Note: The AM57x device has two IPU subsystems (IPUSS), each of which has 2 cores. IPU2 is used as a controller in multi-media applications, so if you have Processor SDK Linux running, chances are that IPU2 already has firmware loaded. However, IPU1 is open for general purpose programming to offload the ARM tasks. (IPC for AM57xx)

Running the ipc tests

  • Build the ipc bios examples
    $ cd $TI_RTOS_PATH/processor_sdk_rtos_am57xx_09_03_00_00/
    $ make ipc_bios -j$(nproc)
    
  • Copy the build example files
    $ scp -r $TI_RTOS_PATH/ipc_3_52_00_00/packages/ti/ipc/tests/bin/* root@<IP_ADDRESS>:/home/root/ipc-tests/
    
  • load new firmware on DSPs/IPUs
    root@mitysom-am57x:~# ln -sf /home/root/ipc-tests/ti_platforms_evmDRA7XX_dsp1/messageq_single.xe66 /lib/firmware/dra7-dsp1-fw.xe66
    root@mitysom-am57x:~# echo 40800000.dsp > /sys/bus/platform/drivers/omap-rproc/unbind
    root@mitysom-am57x:~# echo 40800000.dsp > /sys/bus/platform/drivers/omap-rproc/bind
    
  • devkit: run example arm app
    root@mitysom-am57x:~# MessageQApp 1 4
    [19864.018829] omap-iommu 55082000.mmu: 55082000.mmu: version 2.1
    [19864.055328] omap-iommu 40d01000.mmu: 40d01000.mmu: version 3.0
    [19864.061248] omap-iommu 40d02000.mmu: 40d02000.mmu: version 3.0
    Using numLoops: 1; procId : 4
    Entered MessageQApp_execute
    Local MessageQId: 0x80
    Remote queueId  [0x40080]
    Exchanging 1 messages with remote processor DSP1...
    MessageQ_get #1 Msg = 0xb6500808
    Exchanged 1 messages with remote processor DSP1
    Sample application successfully completed!
    Leaving MessageQApp_execute
    
    root@mitysom-am57x:~# MessageQBench 1000 8 4
    Using numLoops: 1000; payloadSize: 8, procId : 4
    Entered MessageQApp_execute
    Local MessageQId: 0x80
    Remote queueId  [0x40080]
    Exchanging 1000 messages with remote processor DSP1...
    DSP1: Avg round trip time: 139 usecs
    Leaving MessageQApp_execute
    

Note: DSP1 is procId: 4, DSP2 is procId: 3

Note: As of 03/08/2021 the sdk-linux docs have the wrong MessageQBench arguments.
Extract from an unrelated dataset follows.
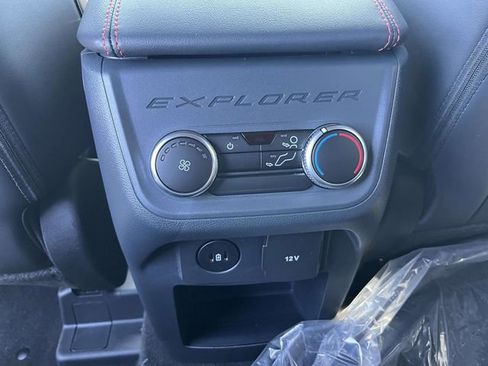 New 2026 Ford Explorer ST-Line image 6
Reported to TI

Timing the IPC latency using MessageQBench

Test: Send 3 doubles from the DSP to the ARM

Note: MessageQBench times messages from ARM->DSP->ARM, with messages sent one at a time

Assuming the setup time is static: The example is sending ~7,812 messages a second, double that for both directions.

(2.43s-1.15s)/10000 = 128 us
1/(128us) = 7812.5

Changing it to floats (12 bytes) resulted in ~10k messages a second.

Also ran two copies of the benchmark to each DSP resulted in the same timings, so we could likely get higher throughput numbers if both DSPs are sending data, assuming the DSP calculations aren't the bottleneck.

Show log...

Building and running the big-data-ipc example (WORK IN PROGRESS)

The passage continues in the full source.